Curiously, nobody mentions the common element: schools.

Schools and workplaces abound in massacres, though the death toll is never as high in the workplace massacres. The two have have much in common, though the workplace, bad as it is, is generally more benign than the schools; but that’s understandable, once you get past the the latter’s humanitarian candy-coating to its real mission, which is to serve as a kind of Sorting Hat for the former. Schools pick the Hufflepuffs and the Slytherins, and in our society, a Fifth House that didn’t exist at Hogwarts: the Superflewuffs.

So it’s unsurprising that most of the people who are really going to snap, snap in school and never make it to the workplace. Think of it as one among many aptitude tests: How much bullshit can you take before you go nuts?

No doubt a lot of things contributed to Adam Lanza’s ultimate meltdown, but I for one would be very interested to hear more about his experiences in school, a topic little discussed, and certainly never discussed from his point of view.
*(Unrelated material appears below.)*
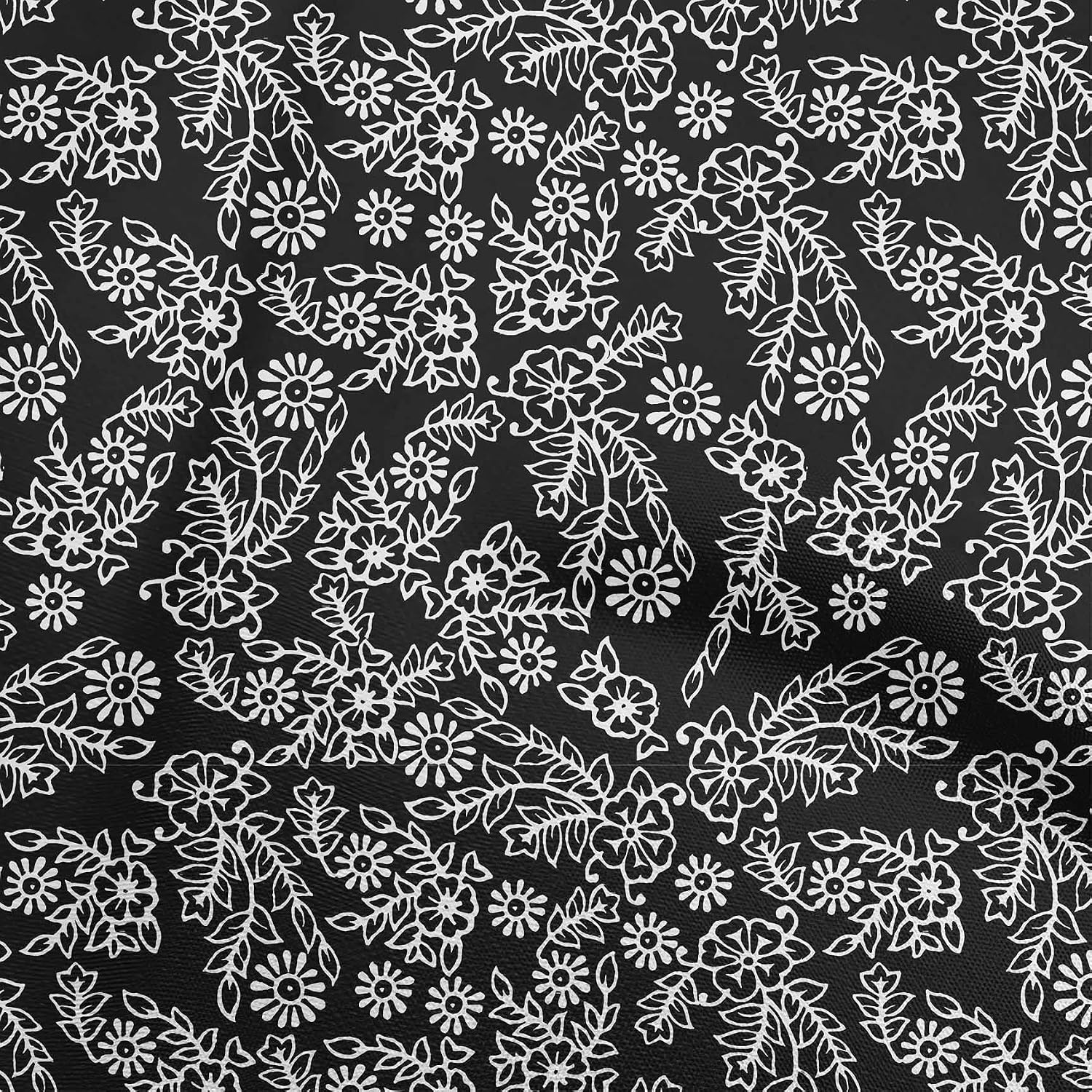 oneOone Cotton Flex Black Fabric Asian Mosaic Sewing Craft Projects Fabric Prints By Yard 40 Inch Wide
Consider those terrible violent computer games that we hear so much about. I don’t get the appeal of them personally, but it’s not hard to imagine that a person who feels utterly powerless — whose daily existence is one of contrived competition, pointless regimentation, and intolerable authoritarian prying into his emotional and personal life, without a shred of understanding — might find some solace in the possession, actual or virtual, of a BFG?

One recent report suggests that poor Adam — and anybody who doesn’t feel sorry for this kid has a heart of stone, as far as I’m concerned — might have been upset about his mom’s plans to have him committed. Who knows whether this is true or not, but if so, it must have sounded to him like Back To School: credentialed experts, who don’t have a clue what’s going on in your head and couldn’t care less, determined to make you a better person, able to hold down a job, or drive you even crazier trying.

That Michigan massacre, in 1927 — the one that still holds the record — occurred at the dawn of the modern era in schooling. Bath Township, in accordance with the latest pedagogical theories, had recently shut down its one-room schoolhouses, scattered around the countryside, and built a shiny new consolidated school, with the inmates now separated by grade and bussed in from hither and yon. It was a more expensive project and taxes had to be raised into order to fund it. The bomber, one Andrew Kehoe, was described as a thrifty man, and in one of those ironies you couldn’t make up, was elected treasurer of the new consolidated school board, though he seems to have thought the whole project extravagant and ill-conceived.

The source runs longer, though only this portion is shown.